Más allá de que se empiece a cerrar un ciclo político en estos días, una nueva etapa comenzará en lo que respecta a política económica en la Argentina. El primer ciclo del milenio se definió con Eduardo Duhalde en seguida después de la caída de la convertibilidad, con gran devaluación, superávit fiscal y congelamiento de tarifas. Se hizo política económica keynesiana clásica: se expandió la oferta monetaria, aumentó paulatinamente el gasto sin llegar a déficit por los grandes superávit que implicó la megadevaluación y se intervino en mercados clave, como el energético, el de transporte y de otros servicios públicos. Todo ello impulsó la demanda agregada, lo que hizo que la Argentina saliera rápidamente de una profunda recesión y se recuperara de la crisis. Al mismo tiempo, estas políticas se complementaban con la gran capacidad instalada en los '90 en agroindustria, en telecomunicaciones, en reconversión productiva y en energía para aprovechar las oportunidades que el resto del mundo empezaba a generar: las exportaciones aumentaron drásticamente tanto por precio como por cantidad.
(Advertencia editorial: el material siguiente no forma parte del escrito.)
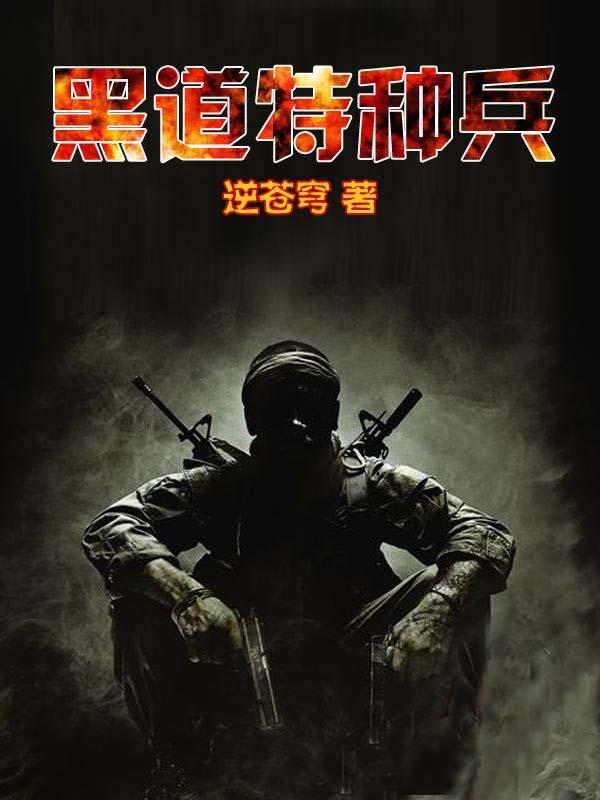 黑道特种兵龙魂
El comienzo del segundo ciclo de política económica del milenio puede fecharse, simbólicamente, con la intervención del Indec. Como suele suceder (lo mismo pasó con varias políticas de los '90), la situación argentina había cambiado pero los hacedores de política no pudieron cambiar de receta. Ya recuperada la actividad, con niveles de desempleo, pobreza y desigualdad mucho menores que durante la crisis (aunque semejantes a los '90), persistieron en políticas expansionistas, lo que llevó a la inflación persistente y la consecuente pérdida de competitividad, el déficit fiscal y las crecientes distorsiones en industrias y servicios clave. Para permitir que la economía no se frene en seco nuevamente (a través de expectativas), se necesitaron políticas que mitigaronn esos efectos: cepo a las importaciones y al dólar, aumento de impuestos incluyendo la reestatización de los fondos de pensión, incremento de subsidios económicos, estatización de YPF, etcétera.
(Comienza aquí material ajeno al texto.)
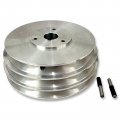Large Drive V-belt Pulley Pin For Ammco 3000 4000 4100 7000 7100 Brake Lathes 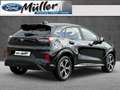 Ford Puma ST-Line X 1.0 EcoBoost Automatik Schwarz - thumbnail 4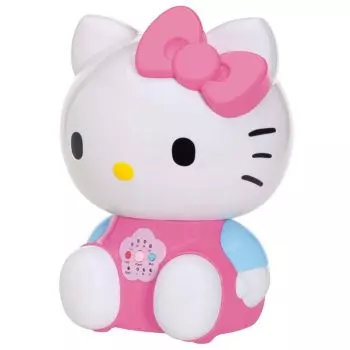 Luftbefeuchter Lanaform Hello Kitty Humidifier LA120116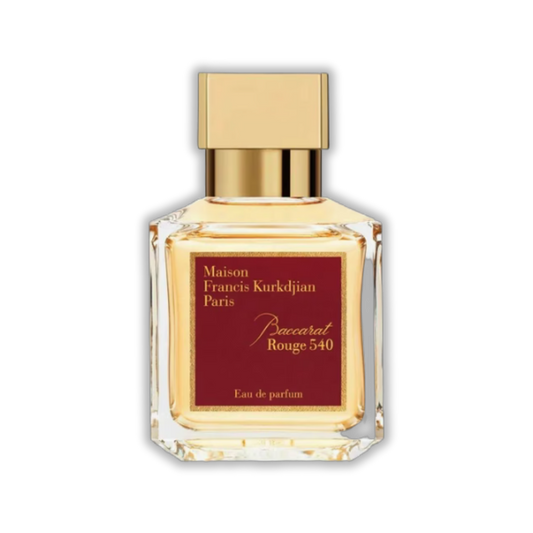 Maison Francis Kurkdjian | Baccarat Rouge 540 EDP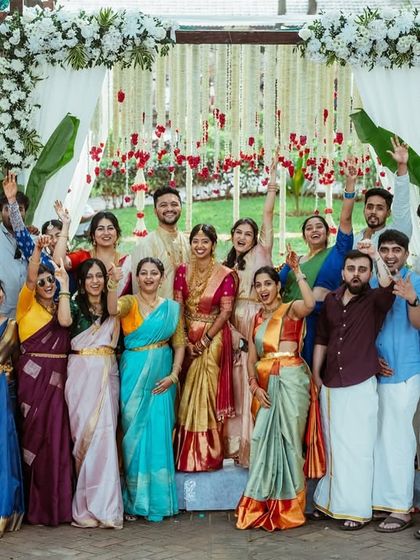 Vcreate Capture - Wedding Photography The Wedding Ceremony: Timeless Traditions photo 8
Por supuesto, cada una de estas medidas compró tiempo, pero no solucionó los problemas de fondo: la política expansionista sin más. La consecuencia fue que las políticas expansivas ya no tienen tracción: la expansión monetaria se traslada a precios más rápidamente; la expansión fiscal financiada con carga tributaria desalienta fuertemente a la producción y al consumo; la inflación y el cepo destruyeron el ahorro; la imprevisibilidad y confiscación destruyeron la inversión y las empresas proveedoras de servicios públicos y energéticos no confían lo suficiente como para invertir. El tan temido parate llegó aún con políticas expansivas. Evidentemente, en enero de 2007 la economía argentina perdió el rumbo una vez más.

Las consecuencias económicas y sociales de esa pérdida de rumbo hubieran sido peores si el mundo no hubiera ayudado tanto: en 2008 y 2011 se alcanzaron picos récord en los precios de las exportaciones argentinas. Es cierto que a fines de 2008 el mundo se desplomó, pero la reacción de los bancos centrales y los gobiernos de todo el mundo hicieron que rápidamente se recuperara. Lo que se vislumbraba como una nueva Gran Depresión mundial terminó siendo una breve recesión, salvo en los países centrales en los que fue algo más larga pero tenue. La excepción es, por supuesto, la periferia de Europa que sí atraviesa una depresión luego de treinta años de crecimiento espectacular.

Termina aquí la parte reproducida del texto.